Fünf Grand-Slam-Finals am Stück zu verlieren, man könnte denken, das demoralisiert. Aber dazu war Stolle in diesem Jahr 1965 einfach zu stark, irgendwann muss diese Serie reißen, wenn man so ein makelloses Volleyspiel besitzt wie er, wenn man im Überkopfspiel beinahe jeden Ball an die gewünschte Stelle setzt. Dieses Irgendwann kam bei den French Open 1965.
Im sechsten Anlauf am Ziel
Die französischen Tennismeisterschaften mit ihrem Sandplatzbelag sind das Grand-Slam-Turnier, das von den Australiern traditionell am wenigsten gemocht wird. Hier können sie ihr geliebtes schnelles Serve-and-Volley nicht so erfolgreich anwenden, weil die Aschenplatzspezialisten auf der anderen Seite des Netzes so grausam geduldig sind und am liebsten den Ball fünfzigmal hin- und herschlagen und nur darauf warten, dass ihre Gegner nach vorn stürmen, um sie dann zu passieren.
Es ist kein Zufall, dass kein Australier in den vergangenen 55 Jahren in der Siegerliste der French Open auftaucht, aber die Sechzigerjahre waren anders. Emerson, Rosewall, Laver, sie waren solch perfekte Tennisspieler, dass sie auch auf Sand erfolgreich Druck ausüben konnten. Unüberwindbar am Netz, egal welcher Belag unter ihren Füßen war. So traf Stolle im Endspiel, man möchte sagen natürlich, auf einen Landsmann, aber es war diesmal nicht Emerson, den Stolle im Halbfinale ausschalten konnte, sondern Tony Roche, später berühmt als Trainer von Ivan Lendl.

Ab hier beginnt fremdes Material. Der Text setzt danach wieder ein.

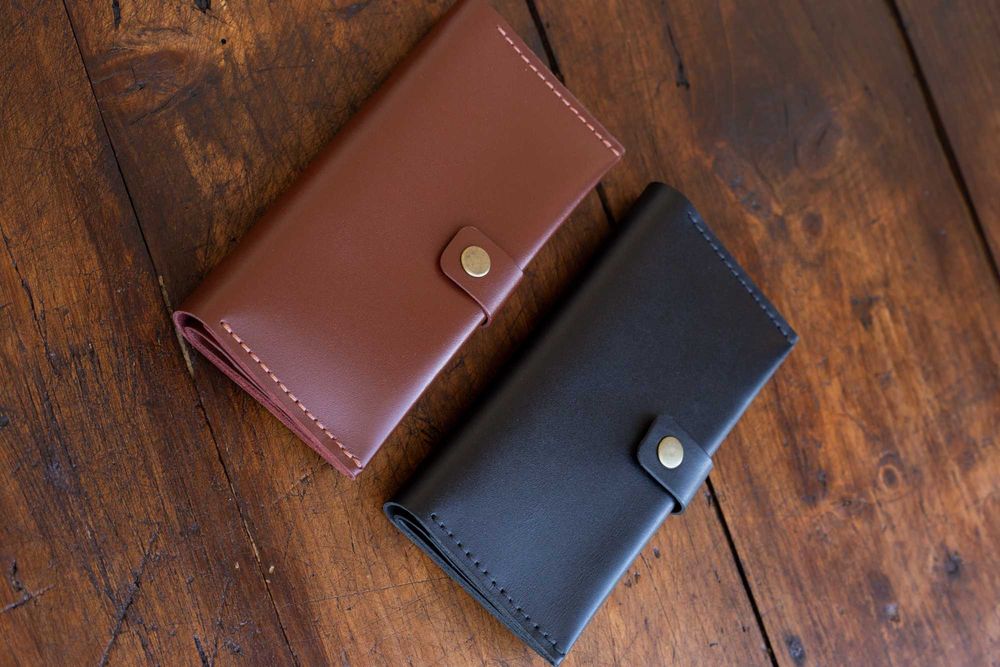 Швейний цех, відшив шкіряних виробів, виробництво, сумки, гаманці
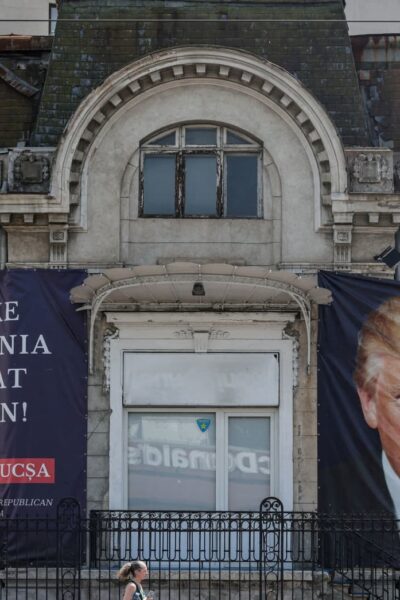 108140647 17463572662025 05 04t101702z 246986947 rc2xaea013ls rtrmadp 0 romania election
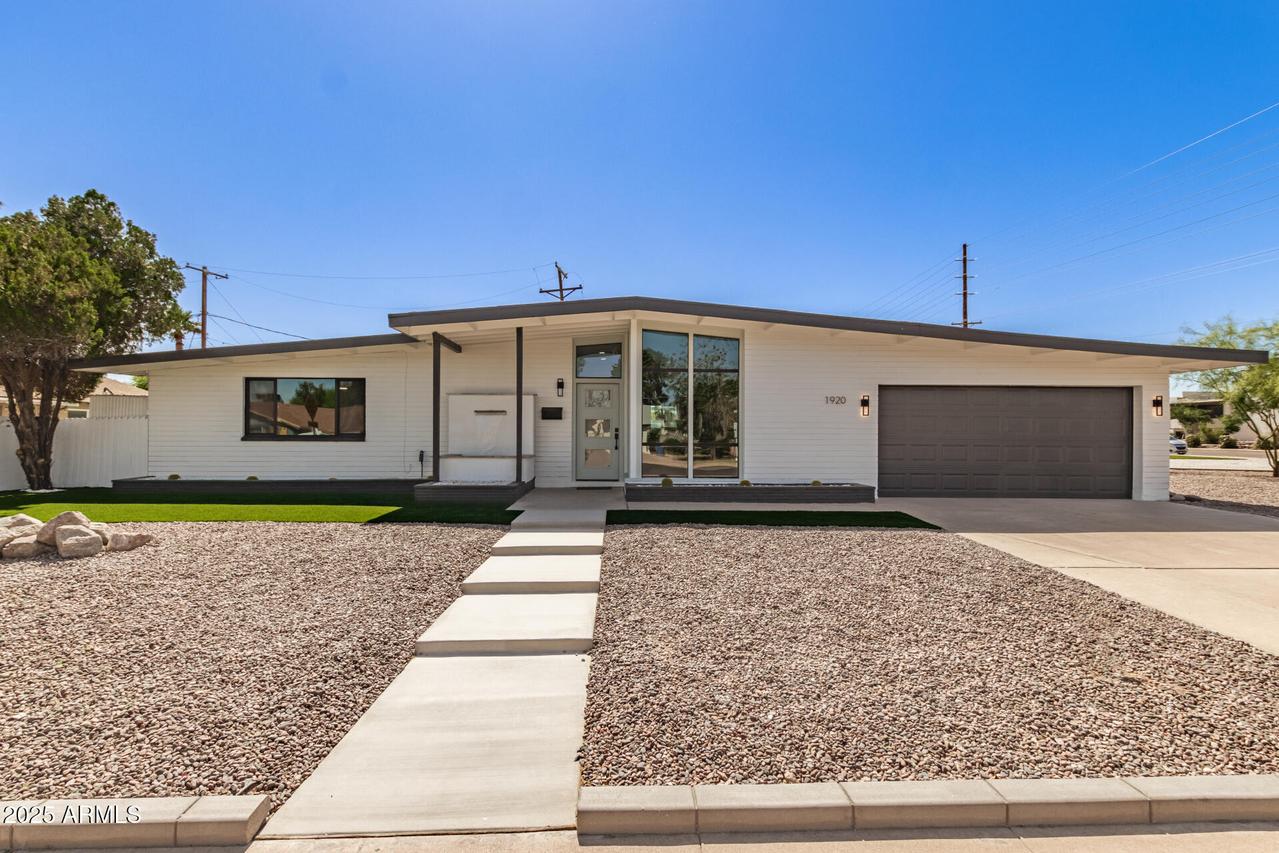 1920 N Cavalier Dr., Tempe, AZ 85288
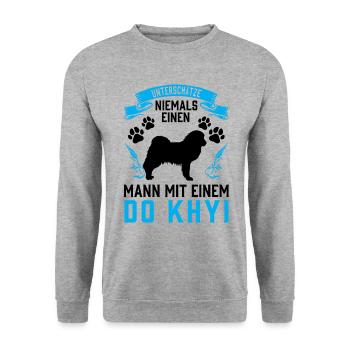 Mann mit Do Khyi Tibetmastiff Tibetdogge - Unisex Pullover - Weißgrau meliert - Vorne - Alina (178cm) & Michal (187cm)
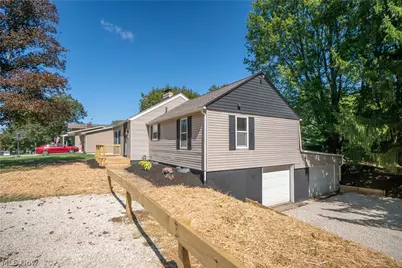 12800 Redwood Avenue NW, Uniontown, OH 44685 - Photo 27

Zweiter Grand-Slam-Titel in den USA
3:6, 6:0, 6:2, 6:3 – eine letztlich klare Angelegenheit, im sechsten Anlauf war Fred Stolle endlich am Ziel, und er stemmte die Siegestrophäe in den Himmel von Paris. Nicht mal zwei Monate später stand er in seinem dritten Grand-Slam-Endspiel 1965, Wimbledon, der Gegner allerdings hieß Roy Emerson. Man muss nicht mehr gesondert erwähnen, wie es ausging.
Ein Jahr später holte sich Stolle seinen zweiten Grand-Slam-Erfolg in Forest Hills, auf Gras damals noch. Wieder stand ihm ein Australier im Weg, John Newcombe, es wurde ein dramatisches Vier-Satz-Finale mit einem 12:10 im zweiten Satz.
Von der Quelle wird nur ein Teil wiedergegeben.